We made descent from A. Block peak completely "wrecked", along the "duty" route of N. Petrichenko through the col along South-west crest 5B, along "the head of the cheese", which is named after peculiar stone relief, similar to cheese holes.

Having one day rest in base camp returns us back to championship schedule and here we are coming up again to our next purpose - the "pillar" of Admiralteets peak (5090 m). We have seen it from the summit of A. Block, where from it looks rather small compared with grandiose North face of North Aksu (5217 m) peak itself.
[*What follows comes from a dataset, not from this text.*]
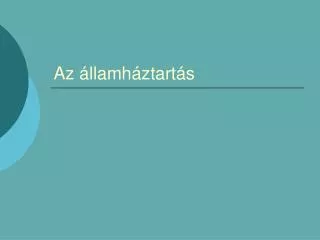 az llamh ztart s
Even now, when we make right turn along Aksu glacier, we are coming during long time along it which is a dominant of all this region, that rising up with 1500 meter high with smooth almost vertical rock face, where there are no any easy routes at all. It's like peculiar "forge of Soviet Union Heroes".

One of the most classical 6A degree extra route and rather safe from stone fall is Leonid Troschinenko's one along the right bastion. After the huge rock stone named "Utiug" (Iron), there are two splits of I-st and II-nd "Integrals" with shock stones in a form of "pancake". It's rather easy orientation along this route, as it has some logical relief for self orientation during 1000 meters approximate 75 degrees steep bastion.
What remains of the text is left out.